Vorstandsvorlage

Rückepferde statt großer Wurf

  • Politik
  • Management
  • 27.01.2022

f&w

Ausgabe 2/2022

Seite 140

Markus Horneber

Klingt eigentlich alles ganz plausibel, was ab Zeile 2642 zu Pflege und Gesundheit im Koalitionsvertrag steht. Da gibt es auf den ersten Blick inhaltlich wenig zu kritisieren. Viele Themen, die uns als Verantwortliche seit Langem bewegen, finden wir hier haarklein aufgezählt.

Auf den zweiten Blick hat mich dann doch etwas Beklemmung beschlichen, und mir war eine Zeitlang nicht recht klar, warum eigentlich. Klingt doch alles gut, sehr konkret. Sogar von Bürokratieabbau ist die Rede! Und den wollen wir alle doch schon seit Langem! Also: noch mal einsteigen, alles durchlesen, am besten sogar den gesamten Koalitionsvertrag.

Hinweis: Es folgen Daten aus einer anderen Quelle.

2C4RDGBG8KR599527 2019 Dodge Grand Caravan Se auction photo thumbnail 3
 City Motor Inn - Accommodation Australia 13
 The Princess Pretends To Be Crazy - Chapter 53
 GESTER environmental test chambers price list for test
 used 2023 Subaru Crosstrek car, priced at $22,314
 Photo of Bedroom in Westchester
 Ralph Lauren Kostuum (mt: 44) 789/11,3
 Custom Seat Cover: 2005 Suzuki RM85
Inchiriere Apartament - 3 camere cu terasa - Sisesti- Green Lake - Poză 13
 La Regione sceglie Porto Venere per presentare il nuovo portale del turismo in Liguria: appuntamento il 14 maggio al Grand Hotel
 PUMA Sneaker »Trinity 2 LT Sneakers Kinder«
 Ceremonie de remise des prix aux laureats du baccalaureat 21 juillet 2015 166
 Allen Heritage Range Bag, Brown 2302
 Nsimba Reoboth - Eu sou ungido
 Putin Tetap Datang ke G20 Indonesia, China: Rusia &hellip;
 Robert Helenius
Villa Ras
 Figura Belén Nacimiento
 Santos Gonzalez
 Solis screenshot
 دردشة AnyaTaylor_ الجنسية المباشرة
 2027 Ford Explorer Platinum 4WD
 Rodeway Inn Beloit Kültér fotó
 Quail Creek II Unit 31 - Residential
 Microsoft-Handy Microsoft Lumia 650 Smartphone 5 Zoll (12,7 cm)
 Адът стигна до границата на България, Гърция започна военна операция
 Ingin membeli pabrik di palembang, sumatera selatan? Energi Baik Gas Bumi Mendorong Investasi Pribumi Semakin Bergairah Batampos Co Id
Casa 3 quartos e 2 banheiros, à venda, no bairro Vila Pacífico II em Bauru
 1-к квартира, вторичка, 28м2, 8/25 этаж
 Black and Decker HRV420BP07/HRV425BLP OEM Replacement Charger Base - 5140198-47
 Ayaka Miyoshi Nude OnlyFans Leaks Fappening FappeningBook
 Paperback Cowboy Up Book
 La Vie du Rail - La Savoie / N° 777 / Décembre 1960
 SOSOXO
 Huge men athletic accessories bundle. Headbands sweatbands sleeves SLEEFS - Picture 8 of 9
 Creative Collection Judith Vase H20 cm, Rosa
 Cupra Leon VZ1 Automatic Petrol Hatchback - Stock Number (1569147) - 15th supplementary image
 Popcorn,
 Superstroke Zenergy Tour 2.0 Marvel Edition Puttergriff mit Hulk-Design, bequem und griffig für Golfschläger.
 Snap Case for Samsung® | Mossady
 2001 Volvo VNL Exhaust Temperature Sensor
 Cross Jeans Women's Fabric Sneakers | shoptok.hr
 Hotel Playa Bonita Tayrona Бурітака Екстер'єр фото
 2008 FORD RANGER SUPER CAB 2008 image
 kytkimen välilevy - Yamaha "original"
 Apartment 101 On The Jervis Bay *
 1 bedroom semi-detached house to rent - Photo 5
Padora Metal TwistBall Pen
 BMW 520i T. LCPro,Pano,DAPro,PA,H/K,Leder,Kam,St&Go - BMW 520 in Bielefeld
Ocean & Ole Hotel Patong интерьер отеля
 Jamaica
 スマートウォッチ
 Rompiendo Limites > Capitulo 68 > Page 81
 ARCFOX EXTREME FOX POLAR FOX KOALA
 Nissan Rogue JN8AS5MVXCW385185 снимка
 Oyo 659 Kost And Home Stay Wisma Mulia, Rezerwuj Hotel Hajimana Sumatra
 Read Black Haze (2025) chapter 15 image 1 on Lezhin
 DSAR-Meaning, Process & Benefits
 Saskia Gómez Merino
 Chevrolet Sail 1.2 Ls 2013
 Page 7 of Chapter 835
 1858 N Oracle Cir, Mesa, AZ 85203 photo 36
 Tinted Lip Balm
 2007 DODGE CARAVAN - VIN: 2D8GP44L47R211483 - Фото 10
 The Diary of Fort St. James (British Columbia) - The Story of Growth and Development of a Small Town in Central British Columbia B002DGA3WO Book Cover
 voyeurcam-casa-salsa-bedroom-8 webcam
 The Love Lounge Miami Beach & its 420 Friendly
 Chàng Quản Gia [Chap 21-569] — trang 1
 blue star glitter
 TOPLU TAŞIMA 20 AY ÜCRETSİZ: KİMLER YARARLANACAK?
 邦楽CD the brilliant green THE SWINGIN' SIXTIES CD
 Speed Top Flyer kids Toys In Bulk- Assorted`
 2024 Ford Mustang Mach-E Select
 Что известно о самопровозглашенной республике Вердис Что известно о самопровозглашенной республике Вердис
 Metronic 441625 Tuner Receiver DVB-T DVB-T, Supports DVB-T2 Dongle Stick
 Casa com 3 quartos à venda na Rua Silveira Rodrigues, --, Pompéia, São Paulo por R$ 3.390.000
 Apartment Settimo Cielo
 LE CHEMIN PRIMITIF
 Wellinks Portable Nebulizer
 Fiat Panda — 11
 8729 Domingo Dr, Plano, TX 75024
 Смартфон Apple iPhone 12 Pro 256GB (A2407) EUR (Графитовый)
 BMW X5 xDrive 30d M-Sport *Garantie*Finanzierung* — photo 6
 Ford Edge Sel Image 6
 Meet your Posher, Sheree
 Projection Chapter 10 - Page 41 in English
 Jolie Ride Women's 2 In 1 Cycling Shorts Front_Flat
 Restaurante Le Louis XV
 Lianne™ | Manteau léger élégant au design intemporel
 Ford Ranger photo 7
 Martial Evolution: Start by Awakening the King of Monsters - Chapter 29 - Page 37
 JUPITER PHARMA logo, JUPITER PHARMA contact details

Dabei bin ich dann auf die Rückepferde gestoßen, auf die die Saatdrohnen folgen (Zeile 1229). Irgendetwas läuft da schief: zahllose gut gemeinte Ideen von ambitionierten Politiker:innen. Hier eine Verbesserung und dort eine Erweiterung, zum Beispiel die Einführung eines trägereigenen Springerpools (Zeile 2699) oder die Gründung von kommunal getragenen Medizinischen Versorgungszentren (Zeile 2812). Ich frage Sie, geneigte Leser:innen: Muss das alles in einem Koalitionsvertrag festgelegt werden? Sollen Verordnungen künftig die Mikroebene regeln und immer noch stärker in unser operatives Geschäft eingreifen? Finden wir im Koalitionsvertrag nicht zahlreiche Themen, die die Selbstverwaltung und die zahllosen Akteure im Gesundheitswesen selbst gestalten können? Haben die Ampelparteien so wenig Vertrauen uns gegenüber oder ist da irgendetwas mit ihnen durchgegangen? Seit über 160 Jahren machen zum Beispiel wir in der Diakonie einen guten Job; seinerzeit dachte noch niemand aus der Politik ans Gesundheitswesen! Eins ist gewiss: Die detailliert beschriebenen Einzelideen werden Regulatorik und Komplexität ebenso weiter befördern, wie Omikron die Pandemie. Und zugegebenermaßen beschleicht mich der Verdacht, dass wir jetzt die von der Politik verursachte Misere (unter anderem unzureichende Finanzierung unserer tariflichen Vergütung, Finanzierungskrater bei den Investitionen, keine Anschlussfinanzierung der enormen Folgekosten aus dem KHZG) auslöffeln sollen. Ein böses Schwarzer-Peter-Spiel!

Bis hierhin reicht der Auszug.